Within the material below, how many lines contain the word "Sweatshirt"? Give that number only.
------------------------------------------------
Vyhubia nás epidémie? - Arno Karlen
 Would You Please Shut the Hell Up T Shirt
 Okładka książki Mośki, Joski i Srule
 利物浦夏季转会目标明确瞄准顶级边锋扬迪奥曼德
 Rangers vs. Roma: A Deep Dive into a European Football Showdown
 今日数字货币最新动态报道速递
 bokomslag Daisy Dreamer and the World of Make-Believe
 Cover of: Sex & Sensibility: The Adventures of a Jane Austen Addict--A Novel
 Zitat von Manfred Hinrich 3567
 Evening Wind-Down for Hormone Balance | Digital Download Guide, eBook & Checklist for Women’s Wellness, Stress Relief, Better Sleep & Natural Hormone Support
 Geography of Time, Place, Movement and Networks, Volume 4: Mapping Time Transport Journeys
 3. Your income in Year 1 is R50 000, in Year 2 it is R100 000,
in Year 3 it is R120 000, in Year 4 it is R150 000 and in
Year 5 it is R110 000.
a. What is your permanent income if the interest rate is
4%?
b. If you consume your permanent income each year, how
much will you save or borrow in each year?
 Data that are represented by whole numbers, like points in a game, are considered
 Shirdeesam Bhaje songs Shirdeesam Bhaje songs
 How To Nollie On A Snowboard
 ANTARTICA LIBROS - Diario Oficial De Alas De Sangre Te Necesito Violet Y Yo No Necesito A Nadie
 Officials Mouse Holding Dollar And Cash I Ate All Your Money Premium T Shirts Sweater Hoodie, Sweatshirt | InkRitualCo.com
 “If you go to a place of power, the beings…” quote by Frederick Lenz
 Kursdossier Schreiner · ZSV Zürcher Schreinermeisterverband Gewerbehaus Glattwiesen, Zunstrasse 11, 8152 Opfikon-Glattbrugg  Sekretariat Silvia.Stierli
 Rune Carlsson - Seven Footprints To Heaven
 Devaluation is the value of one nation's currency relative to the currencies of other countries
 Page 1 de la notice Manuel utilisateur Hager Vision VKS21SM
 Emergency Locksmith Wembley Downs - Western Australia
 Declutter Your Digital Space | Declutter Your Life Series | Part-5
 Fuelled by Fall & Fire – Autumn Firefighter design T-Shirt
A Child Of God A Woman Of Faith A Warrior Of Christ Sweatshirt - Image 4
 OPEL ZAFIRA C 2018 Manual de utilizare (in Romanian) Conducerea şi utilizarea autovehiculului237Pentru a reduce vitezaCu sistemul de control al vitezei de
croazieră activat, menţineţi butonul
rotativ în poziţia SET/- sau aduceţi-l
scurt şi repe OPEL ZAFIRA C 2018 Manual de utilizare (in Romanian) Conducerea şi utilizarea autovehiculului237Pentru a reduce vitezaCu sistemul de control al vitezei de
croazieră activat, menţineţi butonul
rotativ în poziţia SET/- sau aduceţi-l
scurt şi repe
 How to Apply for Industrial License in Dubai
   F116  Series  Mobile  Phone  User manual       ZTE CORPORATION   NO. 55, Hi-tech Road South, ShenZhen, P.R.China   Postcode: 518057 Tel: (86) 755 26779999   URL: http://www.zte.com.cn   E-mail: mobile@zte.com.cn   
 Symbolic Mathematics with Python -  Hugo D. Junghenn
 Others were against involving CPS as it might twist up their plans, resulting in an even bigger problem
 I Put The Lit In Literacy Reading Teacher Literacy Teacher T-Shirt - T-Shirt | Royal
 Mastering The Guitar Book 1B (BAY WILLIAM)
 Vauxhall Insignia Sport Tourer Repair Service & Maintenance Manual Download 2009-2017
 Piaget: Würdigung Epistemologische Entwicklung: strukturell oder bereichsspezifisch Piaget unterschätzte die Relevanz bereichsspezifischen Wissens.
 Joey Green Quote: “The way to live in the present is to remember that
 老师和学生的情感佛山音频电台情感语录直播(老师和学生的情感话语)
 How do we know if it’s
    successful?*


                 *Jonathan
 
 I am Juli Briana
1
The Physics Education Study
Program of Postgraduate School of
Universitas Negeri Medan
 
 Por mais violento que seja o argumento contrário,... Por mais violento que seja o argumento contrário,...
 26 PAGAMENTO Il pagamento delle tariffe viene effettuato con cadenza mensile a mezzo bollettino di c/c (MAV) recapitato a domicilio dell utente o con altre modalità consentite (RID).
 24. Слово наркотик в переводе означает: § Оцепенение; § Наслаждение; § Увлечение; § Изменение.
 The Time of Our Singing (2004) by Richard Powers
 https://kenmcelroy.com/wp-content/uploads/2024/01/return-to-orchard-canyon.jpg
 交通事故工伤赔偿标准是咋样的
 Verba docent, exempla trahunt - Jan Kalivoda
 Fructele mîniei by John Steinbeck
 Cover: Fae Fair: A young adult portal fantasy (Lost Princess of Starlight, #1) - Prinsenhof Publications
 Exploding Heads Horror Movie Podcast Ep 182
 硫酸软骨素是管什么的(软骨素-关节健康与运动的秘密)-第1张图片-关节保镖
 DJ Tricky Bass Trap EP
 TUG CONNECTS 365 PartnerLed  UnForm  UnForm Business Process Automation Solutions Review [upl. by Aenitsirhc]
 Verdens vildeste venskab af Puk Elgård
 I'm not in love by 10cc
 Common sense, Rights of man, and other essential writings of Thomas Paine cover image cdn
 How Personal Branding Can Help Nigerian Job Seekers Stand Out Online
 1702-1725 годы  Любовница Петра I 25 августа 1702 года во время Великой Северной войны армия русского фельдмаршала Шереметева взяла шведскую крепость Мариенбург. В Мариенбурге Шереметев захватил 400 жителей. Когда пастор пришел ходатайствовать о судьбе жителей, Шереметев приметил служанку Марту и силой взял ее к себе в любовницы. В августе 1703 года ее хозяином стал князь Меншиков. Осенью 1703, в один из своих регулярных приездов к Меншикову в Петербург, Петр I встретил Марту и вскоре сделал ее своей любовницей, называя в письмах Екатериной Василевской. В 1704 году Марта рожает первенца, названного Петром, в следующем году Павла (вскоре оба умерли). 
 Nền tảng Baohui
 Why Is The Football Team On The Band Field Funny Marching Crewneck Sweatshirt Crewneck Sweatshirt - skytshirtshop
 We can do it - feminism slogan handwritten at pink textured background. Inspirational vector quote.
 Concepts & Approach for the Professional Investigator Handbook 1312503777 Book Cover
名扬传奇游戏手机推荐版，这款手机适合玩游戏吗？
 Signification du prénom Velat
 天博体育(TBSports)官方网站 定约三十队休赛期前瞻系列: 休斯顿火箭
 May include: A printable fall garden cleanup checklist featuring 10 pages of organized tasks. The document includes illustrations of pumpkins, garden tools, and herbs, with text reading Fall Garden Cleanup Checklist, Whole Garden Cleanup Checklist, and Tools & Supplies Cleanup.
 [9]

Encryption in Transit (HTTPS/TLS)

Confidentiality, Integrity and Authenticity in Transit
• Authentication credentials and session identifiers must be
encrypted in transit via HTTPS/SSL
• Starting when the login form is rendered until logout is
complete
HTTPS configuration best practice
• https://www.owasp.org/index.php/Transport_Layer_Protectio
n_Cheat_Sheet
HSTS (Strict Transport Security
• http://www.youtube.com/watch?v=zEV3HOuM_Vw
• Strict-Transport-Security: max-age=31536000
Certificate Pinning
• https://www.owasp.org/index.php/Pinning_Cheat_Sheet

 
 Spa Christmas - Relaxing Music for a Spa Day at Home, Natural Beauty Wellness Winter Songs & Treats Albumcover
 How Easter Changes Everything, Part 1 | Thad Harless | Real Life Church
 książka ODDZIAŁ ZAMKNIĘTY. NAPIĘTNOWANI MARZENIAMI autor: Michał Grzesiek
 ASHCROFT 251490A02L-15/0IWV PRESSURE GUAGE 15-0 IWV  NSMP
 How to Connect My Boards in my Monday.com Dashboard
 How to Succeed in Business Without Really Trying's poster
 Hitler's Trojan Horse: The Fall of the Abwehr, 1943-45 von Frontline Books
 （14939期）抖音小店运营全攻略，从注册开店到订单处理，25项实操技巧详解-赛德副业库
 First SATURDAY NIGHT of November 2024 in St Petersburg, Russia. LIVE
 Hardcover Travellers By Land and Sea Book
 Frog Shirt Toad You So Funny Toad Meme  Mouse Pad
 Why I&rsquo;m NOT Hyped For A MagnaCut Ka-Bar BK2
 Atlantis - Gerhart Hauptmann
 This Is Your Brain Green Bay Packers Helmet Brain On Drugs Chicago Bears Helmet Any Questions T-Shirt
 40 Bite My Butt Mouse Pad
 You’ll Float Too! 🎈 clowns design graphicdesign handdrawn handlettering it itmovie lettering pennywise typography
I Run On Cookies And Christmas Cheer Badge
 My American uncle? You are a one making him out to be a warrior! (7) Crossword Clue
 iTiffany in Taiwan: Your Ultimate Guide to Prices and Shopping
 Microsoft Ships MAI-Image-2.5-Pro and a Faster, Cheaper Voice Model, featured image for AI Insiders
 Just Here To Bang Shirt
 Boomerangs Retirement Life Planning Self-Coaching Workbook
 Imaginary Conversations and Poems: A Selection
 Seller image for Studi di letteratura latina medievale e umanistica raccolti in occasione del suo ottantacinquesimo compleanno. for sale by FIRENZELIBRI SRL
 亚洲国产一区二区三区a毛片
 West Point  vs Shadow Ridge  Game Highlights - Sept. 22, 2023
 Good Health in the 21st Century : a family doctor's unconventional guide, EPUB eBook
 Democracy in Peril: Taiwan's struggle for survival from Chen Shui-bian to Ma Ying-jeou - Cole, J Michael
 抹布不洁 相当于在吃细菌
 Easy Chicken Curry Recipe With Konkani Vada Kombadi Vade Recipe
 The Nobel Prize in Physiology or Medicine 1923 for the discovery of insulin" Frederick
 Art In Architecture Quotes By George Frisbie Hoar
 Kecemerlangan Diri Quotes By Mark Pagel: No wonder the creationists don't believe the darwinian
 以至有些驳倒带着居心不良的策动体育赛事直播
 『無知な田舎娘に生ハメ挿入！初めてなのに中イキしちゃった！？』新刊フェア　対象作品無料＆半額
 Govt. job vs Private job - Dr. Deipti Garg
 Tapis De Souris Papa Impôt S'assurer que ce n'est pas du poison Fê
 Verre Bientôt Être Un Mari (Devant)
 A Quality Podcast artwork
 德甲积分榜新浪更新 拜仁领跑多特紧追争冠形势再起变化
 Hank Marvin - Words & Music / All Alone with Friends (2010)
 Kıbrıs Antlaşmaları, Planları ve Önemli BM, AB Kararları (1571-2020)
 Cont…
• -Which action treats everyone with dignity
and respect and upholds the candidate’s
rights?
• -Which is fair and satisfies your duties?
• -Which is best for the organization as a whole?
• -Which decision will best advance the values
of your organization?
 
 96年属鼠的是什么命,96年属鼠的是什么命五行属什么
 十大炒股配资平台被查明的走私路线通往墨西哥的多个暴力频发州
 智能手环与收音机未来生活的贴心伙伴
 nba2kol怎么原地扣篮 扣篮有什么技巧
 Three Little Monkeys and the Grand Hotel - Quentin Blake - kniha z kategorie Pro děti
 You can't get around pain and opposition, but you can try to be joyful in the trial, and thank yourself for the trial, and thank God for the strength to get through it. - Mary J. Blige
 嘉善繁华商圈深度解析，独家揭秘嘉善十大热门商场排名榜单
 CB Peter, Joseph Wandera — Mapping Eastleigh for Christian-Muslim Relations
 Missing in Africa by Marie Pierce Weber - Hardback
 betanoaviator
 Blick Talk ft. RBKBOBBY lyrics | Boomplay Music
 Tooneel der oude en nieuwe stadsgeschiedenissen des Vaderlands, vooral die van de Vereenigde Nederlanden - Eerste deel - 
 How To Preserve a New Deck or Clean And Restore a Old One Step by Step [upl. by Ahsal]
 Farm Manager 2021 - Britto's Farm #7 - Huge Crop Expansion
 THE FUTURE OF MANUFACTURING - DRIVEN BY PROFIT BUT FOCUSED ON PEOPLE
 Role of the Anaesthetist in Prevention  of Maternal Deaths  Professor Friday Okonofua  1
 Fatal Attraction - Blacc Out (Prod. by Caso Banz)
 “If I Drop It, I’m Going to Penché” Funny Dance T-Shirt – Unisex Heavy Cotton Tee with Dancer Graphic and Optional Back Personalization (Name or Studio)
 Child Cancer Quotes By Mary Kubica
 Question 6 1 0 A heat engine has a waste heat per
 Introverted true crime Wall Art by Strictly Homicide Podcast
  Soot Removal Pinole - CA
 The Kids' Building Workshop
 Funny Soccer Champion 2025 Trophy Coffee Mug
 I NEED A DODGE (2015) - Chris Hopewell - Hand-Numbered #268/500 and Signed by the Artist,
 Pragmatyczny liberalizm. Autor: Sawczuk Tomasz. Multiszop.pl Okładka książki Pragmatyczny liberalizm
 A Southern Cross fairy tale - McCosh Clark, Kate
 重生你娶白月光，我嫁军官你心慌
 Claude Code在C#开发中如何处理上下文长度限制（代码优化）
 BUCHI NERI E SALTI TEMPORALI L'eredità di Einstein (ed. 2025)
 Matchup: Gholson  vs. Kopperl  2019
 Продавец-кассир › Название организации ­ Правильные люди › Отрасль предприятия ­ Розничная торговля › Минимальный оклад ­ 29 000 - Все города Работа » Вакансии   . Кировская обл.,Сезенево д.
------------------------------------------------
• _ANSWER TO THE PROBLEM_: 3